Since then, we have brought that same earnestness to create a community on this campus. The set of people I have met on this campus have been the kindest people I have ever met in my life, people who made me realize the people you are with will always be more important than where you are — whether it be in Whispers until 6 a.m. when the sun is rising; at WILD, semester after semester often so confused as to who the band actually is; walking together for Relay For Life and raising hundreds of thousands of dollars for cancer research; or continuing our efforts for causes we care about at Dance Marathon; fundraising at cultural shows; and of course, while finding out that misery loves company after Thursday nights out.

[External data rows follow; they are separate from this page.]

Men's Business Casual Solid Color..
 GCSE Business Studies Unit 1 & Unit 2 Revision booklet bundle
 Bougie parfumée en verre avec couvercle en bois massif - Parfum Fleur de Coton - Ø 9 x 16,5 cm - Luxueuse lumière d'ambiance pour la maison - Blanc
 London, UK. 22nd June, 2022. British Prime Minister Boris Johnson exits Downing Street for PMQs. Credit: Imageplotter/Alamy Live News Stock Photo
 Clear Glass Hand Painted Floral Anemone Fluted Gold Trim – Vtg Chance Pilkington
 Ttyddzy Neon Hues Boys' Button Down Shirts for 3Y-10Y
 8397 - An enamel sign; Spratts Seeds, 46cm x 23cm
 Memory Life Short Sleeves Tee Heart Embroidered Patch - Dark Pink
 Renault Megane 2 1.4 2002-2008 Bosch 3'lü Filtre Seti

This home we have created here has provided each of us an identity, given us the confidence to be successful while we were here, and provided us the support we needed when we were buckled down in B stacks, the Arc lab, working on problem sets or Excel spreadsheets, or just otherwise at our worst. Home is where WashU has been for the past four years.
But very soon, we are leaving and we are going to have to introduce ourselves as someone completely different than who we have been. For the past four years, we introduced ourselves to our classmates with what academic school we took classes in, what activities or clubs we were involved in, or what fraternity or sorority we affiliated ourselves with.
As we graduate, how will you introduce yourself? More importantly, I think, is: How would you want to be introduced? For the first time in our lives, we will be able to entirely choose our path in life. Instead of a straight path of elementary to middle to high school to college, we now see many paths that we could take in front of us. Think about how you want people to introduce you in five years. Is it a particular position, is it that you are intelligent or capable? Who do you want to be?
After four years of interacting with our class, I know that you are a group of exceptionally talented individuals that will no doubt become award-winning researchers and doctors, CEOs of large corporations, and leave a great impact on this world. But in all of this, I urge you to remember your roots. Your kind WashU roots, and put the kindness that you have brought to our home here at our WashU community foremost.
I remember walking on campus as a prospective student, needing desperately to print something for a meeting I had with a faculty member of the art school. I passed a student running on campus, she was taking laps around the Swamp and then heading toward the AC. I asked her if she could help me find a printer, and she stopped running, started walking with me, brought me to her dorm computer lab to print from her student account for me and let me take as much time as I needed, all the while asking me how my visit was going. This sort of kindness is what is unique about the community at WashU, and this sort of kindness is what I hope we will all continue to exude.
Life has its obstacles and challenges, it’s fragile. You might not get into the graduate school you desire, businesses fail, romances end, and medical school is grueling. But I hope that as a graduate of Washington University in St. Louis, you will be introduced as a kind individual five years, 10 years after college. There is so much uncertainty in front of us, so many roads to take, but WashU has taught us to go forth and be bold, be kind, from that very first confusing moment we shouted with our freshman floors in the Athletics Complex.
It’s been an honor to serve as your president the past three years. Thank you, and congratulations, Class of 2016.